=== TASK REQUIREMENTS ===
Repeat the records below exactly, leaving out any pictures.

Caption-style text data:
>>

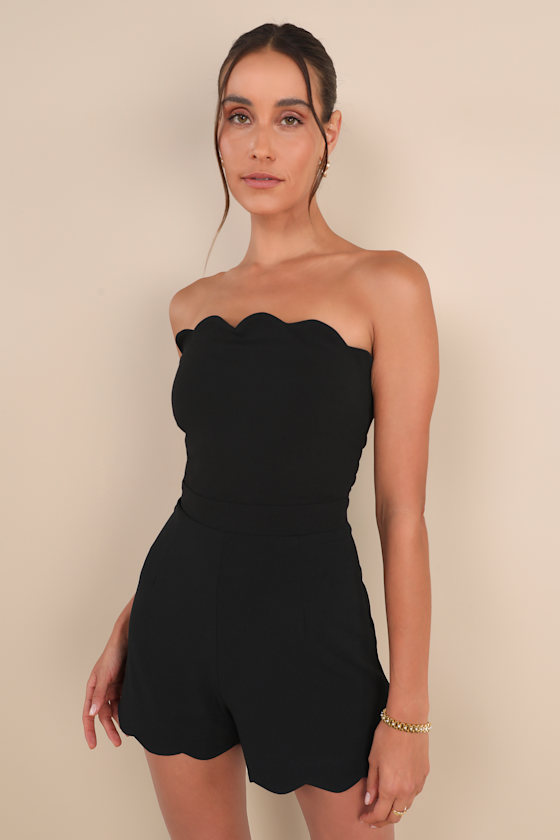 Black Romper - Scalloped Romper - Strapless Romper - Sexy Romper - Lulus
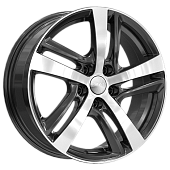 Скад Сеул 6.5x17/5x114.3 D66.6 ET37 Чёрный глянцевый с полированной лицевой частью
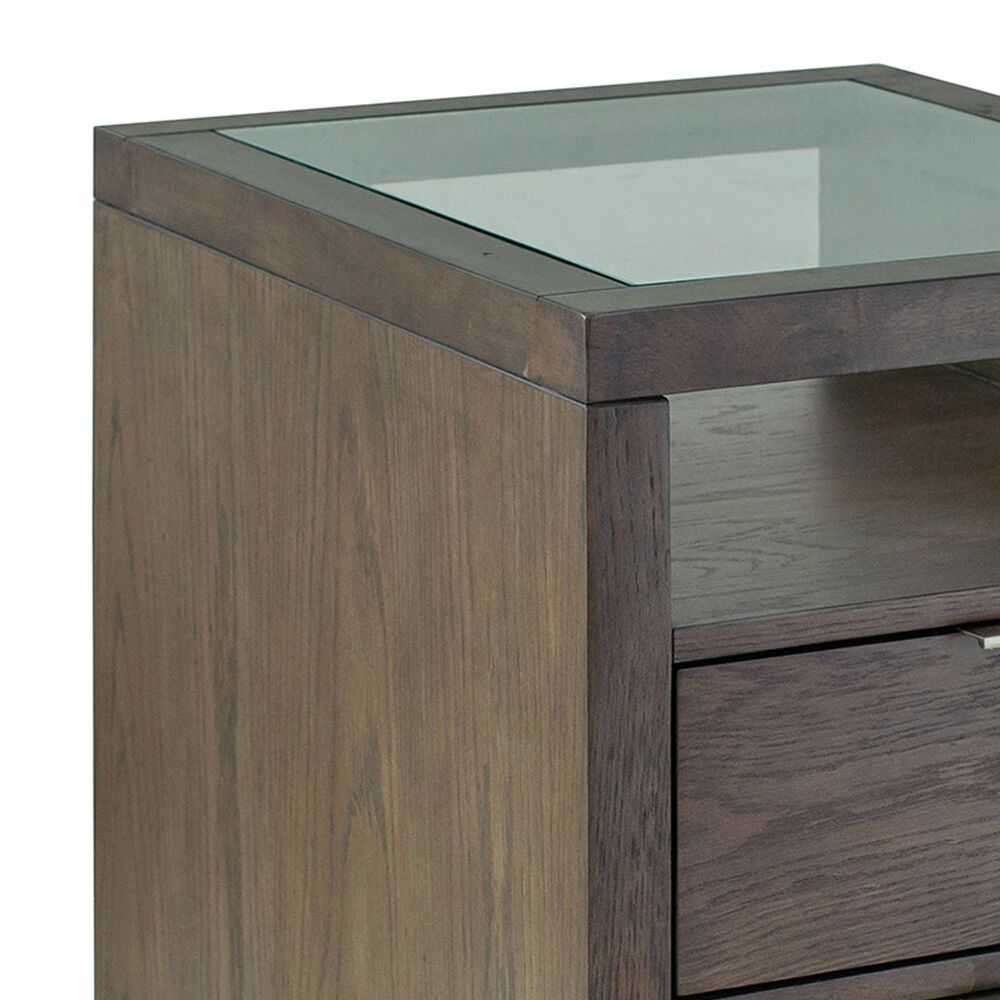 Nicolette Home Merrick Rectangular End Table in Homestead Brown and Clear, , large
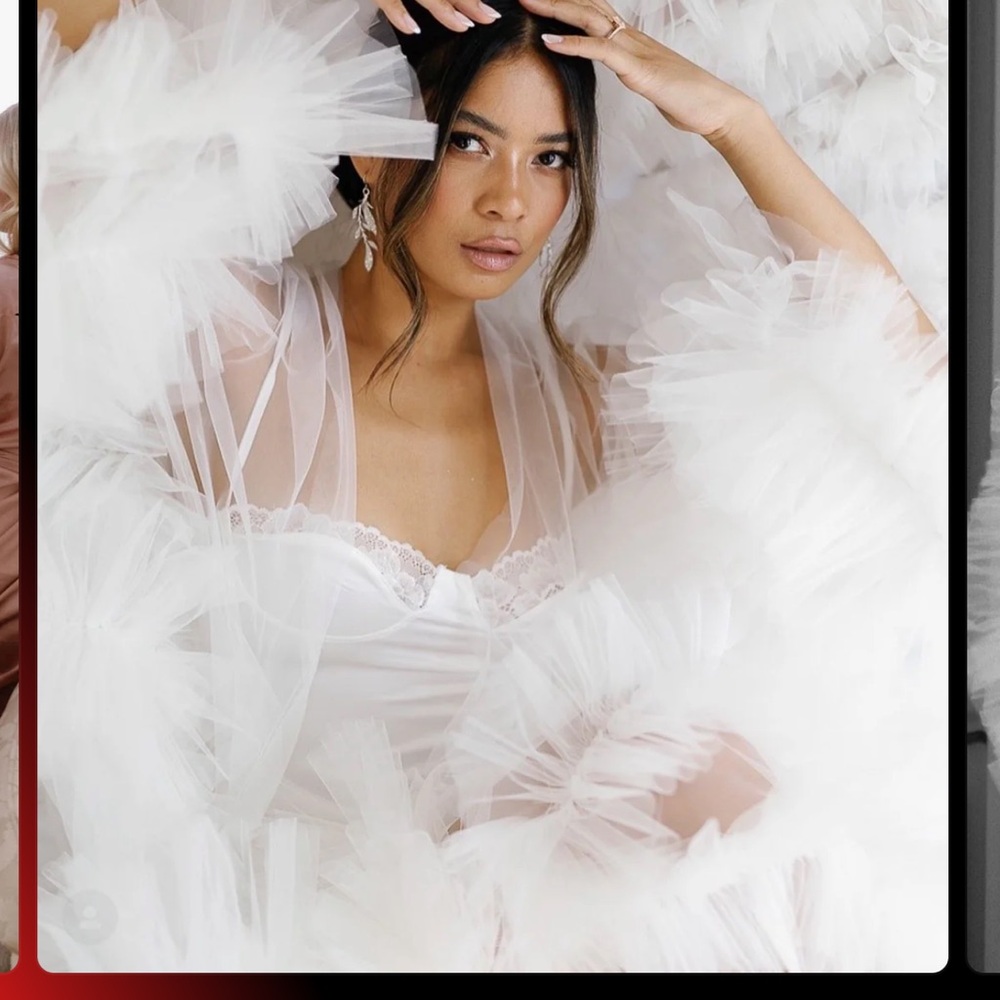 Kelsey Tulle Bridal White Robe Size Small - Picture 5 of 5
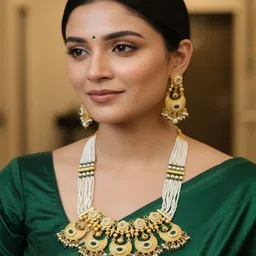 PANASH Gold-Plated Kundan-Studded Jewellery Set-image-26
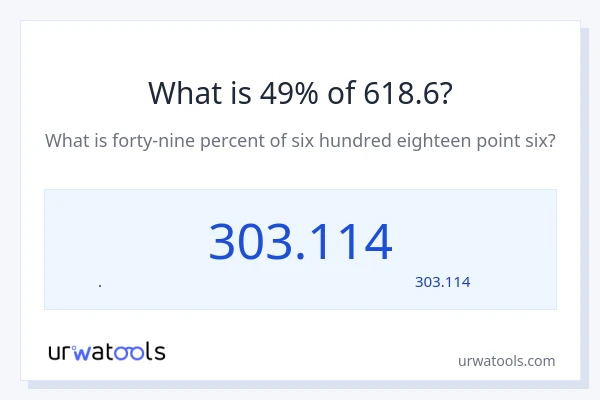 49% از 618.6 چقدر است؟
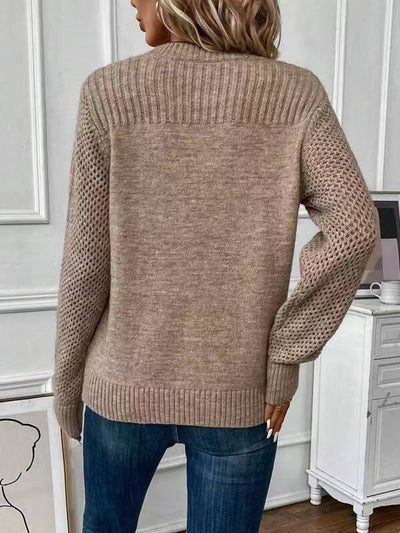 Khaki Round Neck Long Sleeve Knit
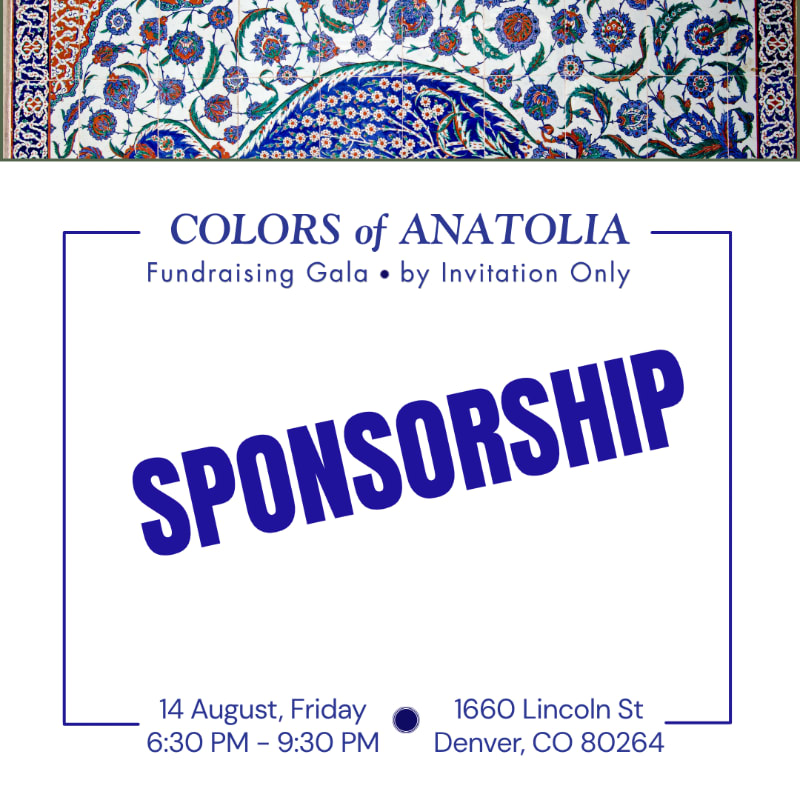 A colorful tiled pattern forms the background for a white card advertising a "Colors of Anatolia" fundraising gala with "Sponsorship" prominently displayed in the foreground.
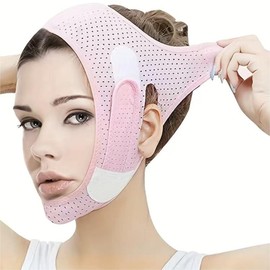 Face Lifting Bandage, Chin Slimming Belt, V Line Face Slimming Facial Skin Lifting & Firming, Chin Strap for Double Chin for Women, Face Lift Tape, Skincare Tools for Summer Gift, Face Trainer for Women, Face Care Product - Color: Pink, Specification: on
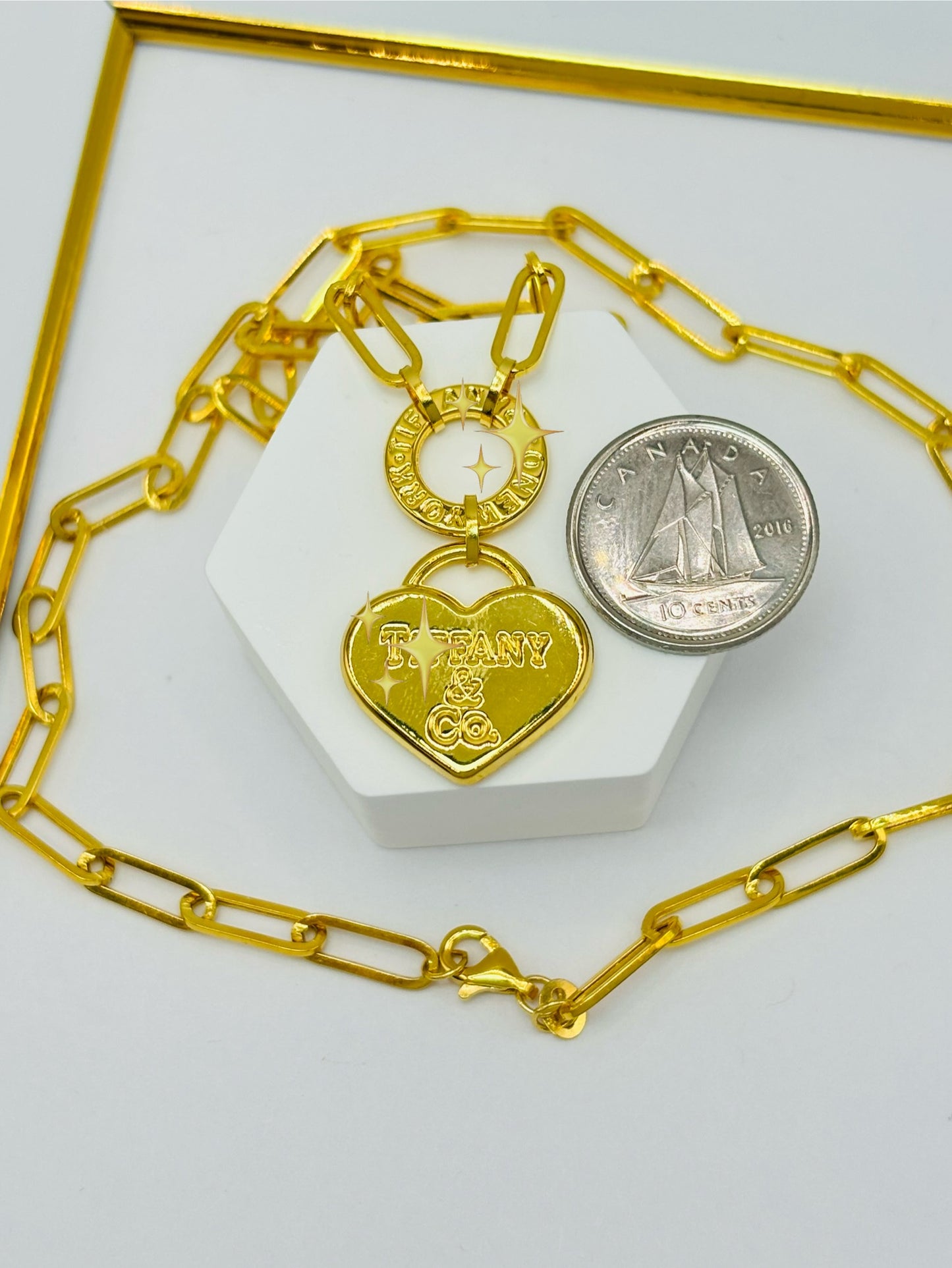 18K Gold Paperclip Attached Heart Necklace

<<

=== WRITTEN ANSWER ===
 Black Romper - Scalloped Romper - Strapless Romper - Sexy Romper - Lulus
 Скад Сеул 6.5x17/5x114.3 D66.6 ET37 Чёрный глянцевый с полированной лицевой частью
 Nicolette Home Merrick Rectangular End Table in Homestead Brown and Clear, , large
 Kelsey Tulle Bridal White Robe Size Small - Picture 5 of 5
 PANASH Gold-Plated Kundan-Studded Jewellery Set-image-26
 49% از 618.6 چقدر است؟
 Khaki Round Neck Long Sleeve Knit
 A colorful tiled pattern forms the background for a white card advertising a "Colors of Anatolia" fundraising gala with "Sponsorship" prominently displayed in the foreground.
 Face Lifting Bandage, Chin Slimming Belt, V Line Face Slimming Facial Skin Lifting & Firming, Chin Strap for Double Chin for Women, Face Lift Tape, Skincare Tools for Summer Gift, Face Trainer for Women, Face Care Product - Color: Pink, Specification: on
 18K Gold Paperclip Attached Heart Necklace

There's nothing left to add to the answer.